Energy bills will fall to £1,923 a year for the typical household from October, under the new price cap announced today by industry regulator Ofgem.
The current price cap of £2,074 will reduce to £1,923 from October 1 – a fall widely anticipated in many quarters but not as much as some analysts had predicted.
What does this mean for consumers and businesses? In real terms, it will mean a small drop (£151) in energy bills for the typical household, although the cap applies to the unit price of energy – if more energy is used, the bills will be higher.
While the price cap decrease will provide some welcome relief for consumers and businesses, it is still well above pre-pandemic levels. Even in the last COVID lockdown, in winter 2021, the cap was set at a comparatively modest £1,277.
The current price cap is also likely to rise again in three months, when Ofgem announces the new cap in January 2024. Demand for electricity and gas is at its highest in winter, so many householders and businesses will feel more pain.

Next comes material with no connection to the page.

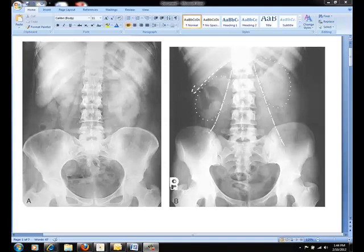Most commonly, the left lateral decubitus is preferred. Both radiographs are useful in assessing the abdomen in patients with free air, known as pneumoperitoneum, and in determining the presence and location of air fluid levels.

In the mid to long term, there is still much uncertainty around wholesale energy prices, driven by global events that are outside of the industry’s control. How long will the Russia-Ukraine conflict last? What impact will potential industrial action at Australian liquified natural gas (LNG) production facilities have on prices? Events such as these, as well as unusual weather patterns and unforeseen power plant outages, pose significant risks to UK energy prices – risks that create nervousness and uncertainty for UK households and businesses.
The risks could be alleviated by various strategies, such as ramping up power generation from renewable sources and incentivising households and businesses to reduce energy consumption during periods of peak demand. However, there is no magic bullet and energy prices look set to stay high for the foreseeable future.